[Date Prev][Date Next][Thread Prev][Thread Next][Date Index][Thread Index]
Re: [PATCH] hw: ide: check the pointer before do dma memory unmap
|
From: |
Philippe Mathieu-Daudé |
|
Subject: |
Re: [PATCH] hw: ide: check the pointer before do dma memory unmap |
|
Date: |
Tue, 22 Sep 2020 12:46:21 +0200 |
|
User-agent: |
Mozilla/5.0 (X11; Linux x86_64; rv:68.0) Gecko/20100101 Thunderbird/68.11.0 |
On 9/22/20 12:37 PM, Li Qiang wrote:
> Philippe Mathieu-Daudé <philmd@redhat.com> 于2020年9月22日周二 下午4:19写道:
>>
>> On 9/22/20 3:34 AM, Alexander Bulekov wrote:
>>> On 200815 0020, Li Qiang wrote:
>>>> In 'map_page' we need to check the return value of
>>>> 'dma_memory_map' to ensure the we actully maped something.
>>>> Otherwise, we will hit an assert in 'address_space_unmap'.
>>>> This is because we can't find the MR with the NULL buffer.
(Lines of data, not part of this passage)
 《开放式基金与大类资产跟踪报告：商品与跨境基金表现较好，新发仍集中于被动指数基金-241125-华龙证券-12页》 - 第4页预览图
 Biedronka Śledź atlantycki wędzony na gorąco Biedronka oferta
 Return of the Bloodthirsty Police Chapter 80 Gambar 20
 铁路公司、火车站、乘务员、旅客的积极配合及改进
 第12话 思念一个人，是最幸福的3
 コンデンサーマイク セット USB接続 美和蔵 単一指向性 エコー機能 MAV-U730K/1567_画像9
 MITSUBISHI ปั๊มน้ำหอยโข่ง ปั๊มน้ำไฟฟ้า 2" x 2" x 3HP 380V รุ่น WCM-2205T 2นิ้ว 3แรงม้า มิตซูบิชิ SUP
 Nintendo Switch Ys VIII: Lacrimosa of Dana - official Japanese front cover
>>>> This is the LP#1884693:
>>>>
>>>> -->https://bugs.launchpad.net/qemu/+bug/1884693
>>>>
>>>> Reported-by: Alexander Bulekov <alxndr@bu.edu>
>>>> Signed-off-by: Li Qiang <liq3ea@163.com>
>>>
>>> I'm not very familiar with the IDE code, but this seems like a simple
>>> null-ptr check, and Li has not received a response in over a month.
>>
>> Yeah well it is not an easy bug... I spent few hours but at some
>> point it became too AHCI specific. I wanted to understand the bug
>> to answer the "Why do we get there?" "Can we get there with real
>> hardware?" questions, to be able to discern if this patch is OK,
>> or if it is hiding bugs and what we really use here is an assert().
>
> Hi Philippe,
> I think you have complicated this issue. The root cause is that
> 'dma_memory_map' maybe fail.
> The gpa is from guest and can be any value so this is expected.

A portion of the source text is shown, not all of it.